> Assignment
Could you retype the whole listing word for word and drop the images?

> Supplied data
--- START ---

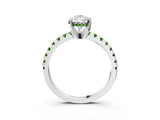 Platinum Pear Cut Diamond Solitaire Ring with Round with Peridot side stone Pavé Band and Four-Prong Setting_15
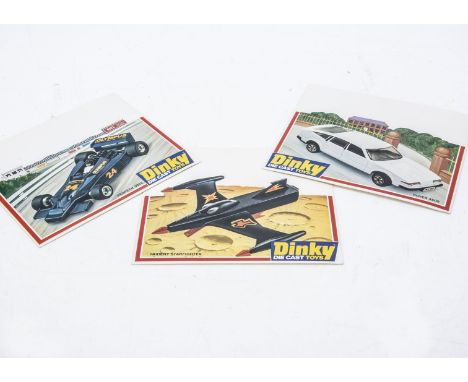 Dinky Toys Shop Shelf Display Cards/Standees, purchased by the vendor from a former Dinky Toy sales rep, three cards, Rover 3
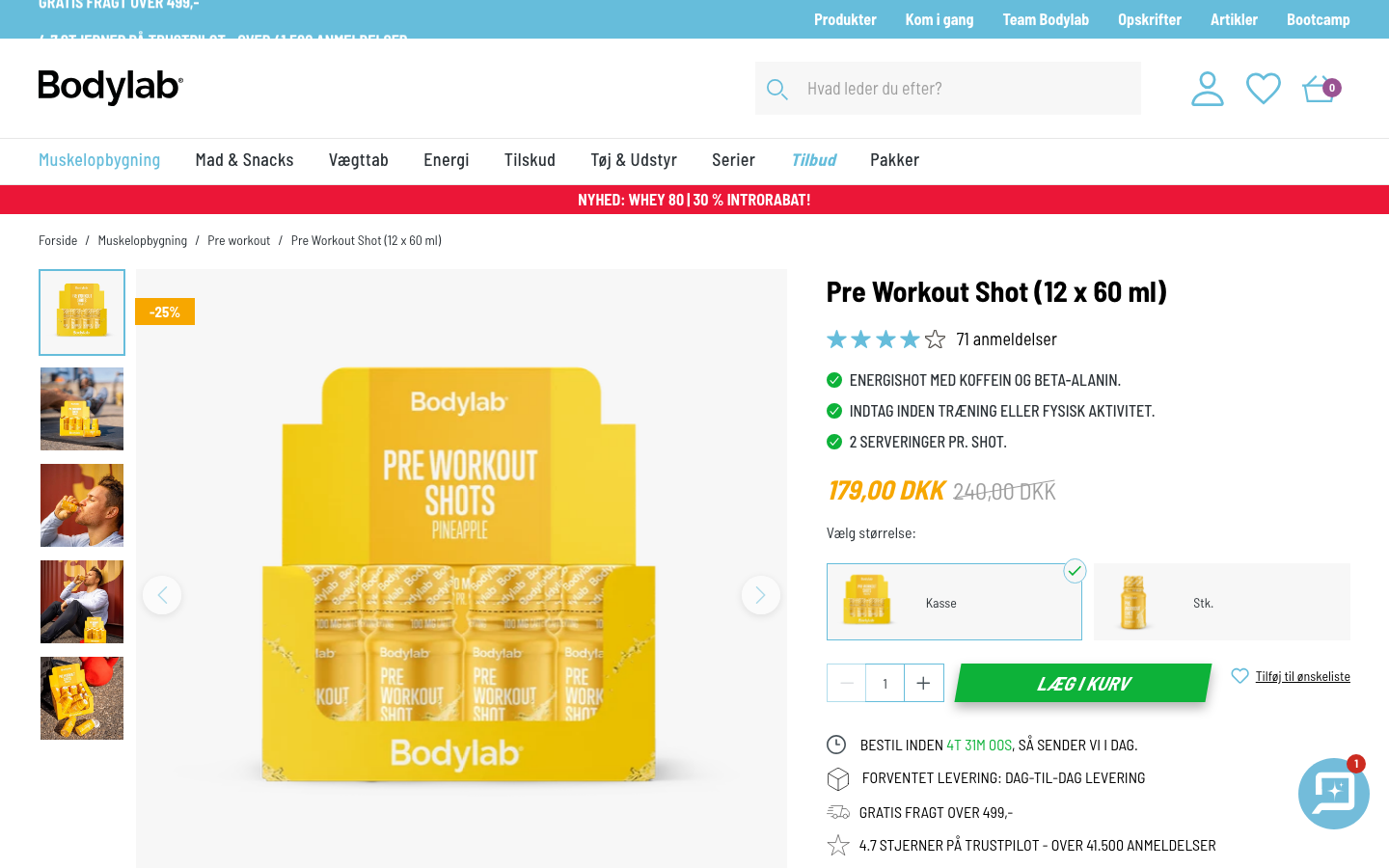 Produktside hos Bodylab for Pre Workout Shot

--- END ---

> Task answer
 Platinum Pear Cut Diamond Solitaire Ring with Round with Peridot side stone Pavé Band and Four-Prong Setting_15
 Dinky Toys Shop Shelf Display Cards/Standees, purchased by the vendor from a former Dinky Toy sales rep, three cards, Rover 3
 Produktside hos Bodylab for Pre Workout Shot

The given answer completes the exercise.